We (and ‘House of Cards’) Killed Television—Long Live Netflix

But we should back up. “House of Cards” is a new show released exclusively on Netflix last Friday. Its first season’s 13 episodes were made available immediately, and an additional 13 are coming next year. Netflix is taking a huge gamble on those 26 episodes—dropping around $100 mill on them, hiring Kevin Spacey to play the show’s lead character, pegging “Fight Club” director David Fincher to direct the first two installments, and postponing the company’s years-long effort to stock every Pauly Shore film in its Instant section. Time will tell if the moves pay off financially. But for now, it seems that everyone is happy with the results: It's Netflix's most-streamed show.

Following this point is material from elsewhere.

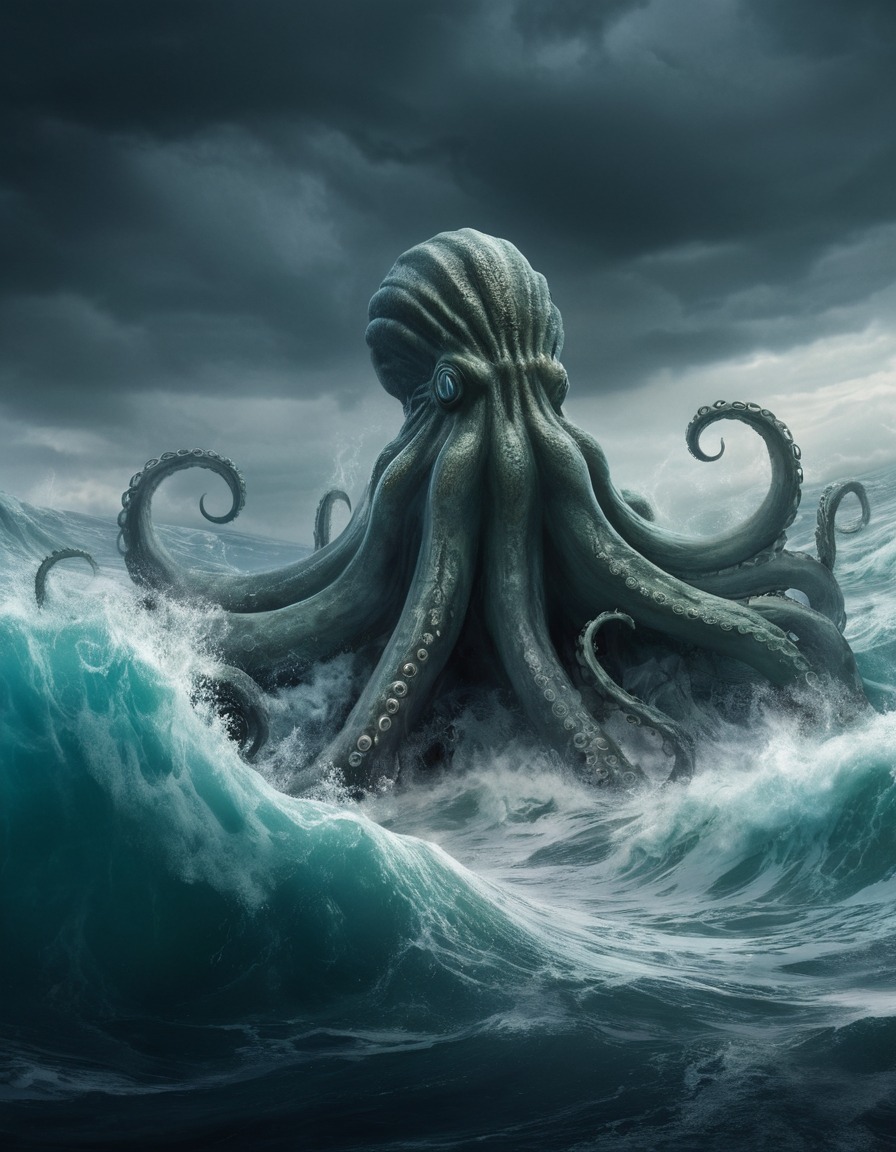 sea monster, mythical creature, kraken, stormy sea, tentacles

It should go without saying that “House of Cards” is pretty, pretty good. For what it lacks in originality—a dark and and complicated middle-aged man is yet again the main protagonist (or is he an antagonist!?), and this one even kills a dog in the show’s opening minutes—it more than makes up in compulsive watchability. In some ways, it’s like “Lincoln,” the year’s other surprisingly enjoyable political drama. Both are essentially concerned with the machinations of power. How you get shit down in a town where those cards are stacked against you. How you backstab and bribe and connive with others in order to exert your will. The only difference between the two is this: Francis Underwood has only his personal greatness in mind. (And, he’s a fictional character, I guess.)

The watchability of “House of Cards” isn’t really the point, though. The point is that the show was released on Netflix, meaning you can watch the entire season whenever you want. There are no previews. No waiting till next week. Watch three episodes at a time each night. Watch nine in a row like me. Binge away! Or don’t! No one cares!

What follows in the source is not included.